Amazon EMR
管理指南
AWS 文档中描述的 AWS 服务或功能可能因区域而异。要查看适用于中国区域的差异,请参阅 Amazon AWS 入门

配置输出位置

Amazon EMR 集群最常见的输出格式是压缩或未压缩的文本文件。通常,把这些文件写入 Amazon S3 存储段。启动该集群前,必须先创建此存储桶。启动集群时,指定 S3 存储桶作为输出位置。

有关更多信息,请参阅以下主题:

创建和配置 Amazon S3 存储段

Amazon EMR (Amazon EMR) uses Amazon S3 to store input data, log files, and output data. Amazon S3 refers to these storage locations as buckets. Buckets have certain restrictions and limitations to conform with Amazon S3 and DNS requirements. For more information, go to Bucket Restrictions and Limitations in the Amazon Simple Storage Service Developers Guide.

This section shows you how to use the Amazon S3 AWS Management Console to create and then set permissions for an Amazon S3 bucket. However, you can also create and set permissions for an Amazon S3 bucket using the Amazon S3 API or the third-party Curl command line tool. For information about Curl, go to Amazon S3 Authentication Tool for Curl. For information about using the Amazon S3 API to create and configure an Amazon S3 bucket, go to the Amazon Simple Storage Service API Reference.

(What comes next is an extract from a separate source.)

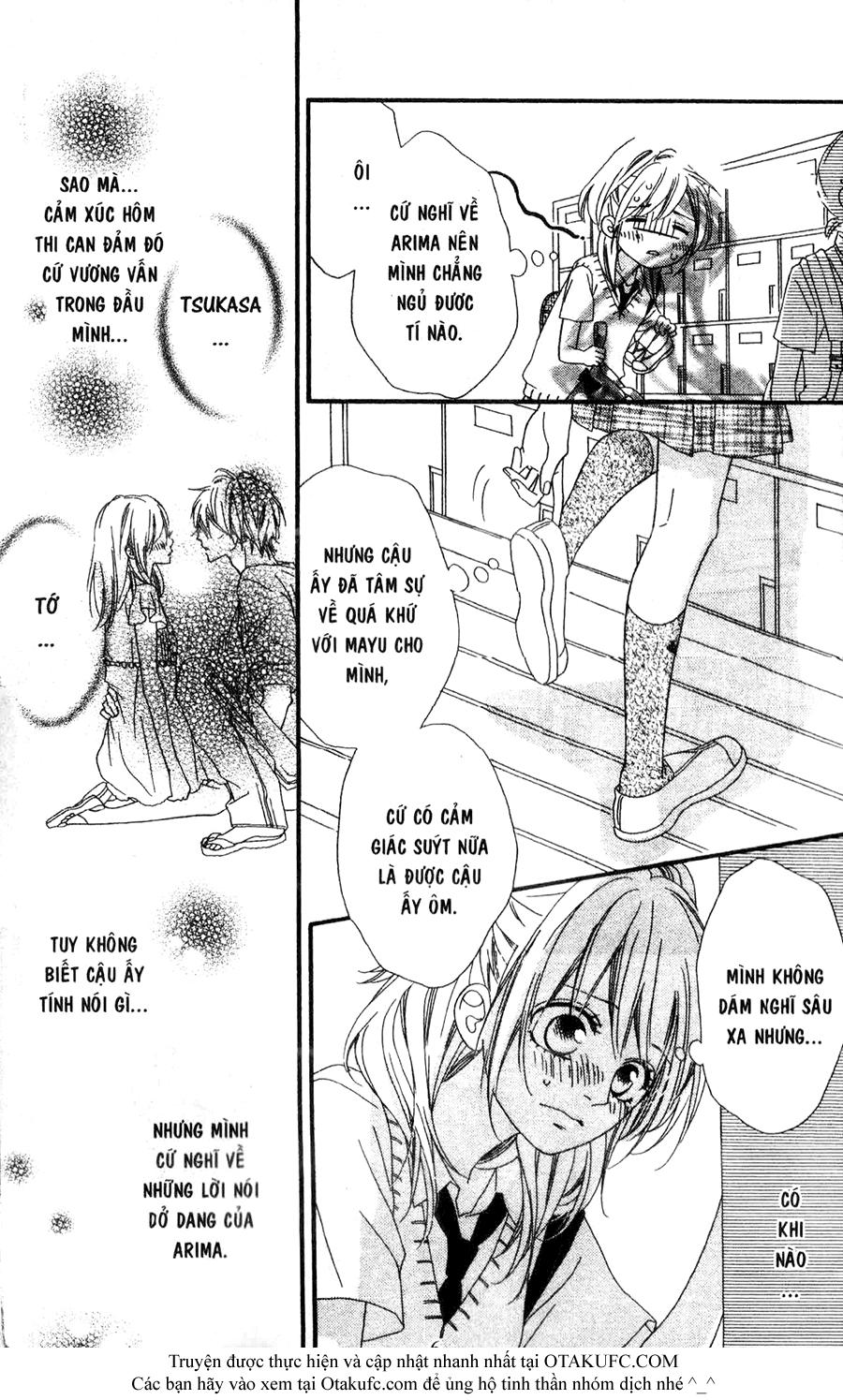 mune ga naru no wa kimi no sei chapter 9 5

To create an Amazon S3 bucket using the console

  1. Sign in to the AWS Management Console and open the Amazon S3 console at https://console.amazonaws.cn/s3/.

  2. Choose Create Bucket.

    The Create a Bucket dialog box opens.

  3. Enter a bucket name, such as myawsbucket.

    This name should be globally unique, and cannot be the same name used by another bucket.

  4. Select the Region for your bucket. To avoid paying cross-region bandwidth charges, create the Amazon S3 bucket in the same region as your cluster.

    Refer to 选择 AWS 区域 for guidance on choosing a Region.

  5. Choose Create.

You created a bucket with the URI s3n://myawsbucket/.

注意

If you enable logging in the Create a Bucket wizard, it enables only bucket access logs, not Amazon EMR cluster logs.

注意

For more information on specifying Region-specific buckets, refer to Buckets and Regions in the Amazon Simple Storage Service Developer Guide and Available Region Endpoints for the AWS SDKs .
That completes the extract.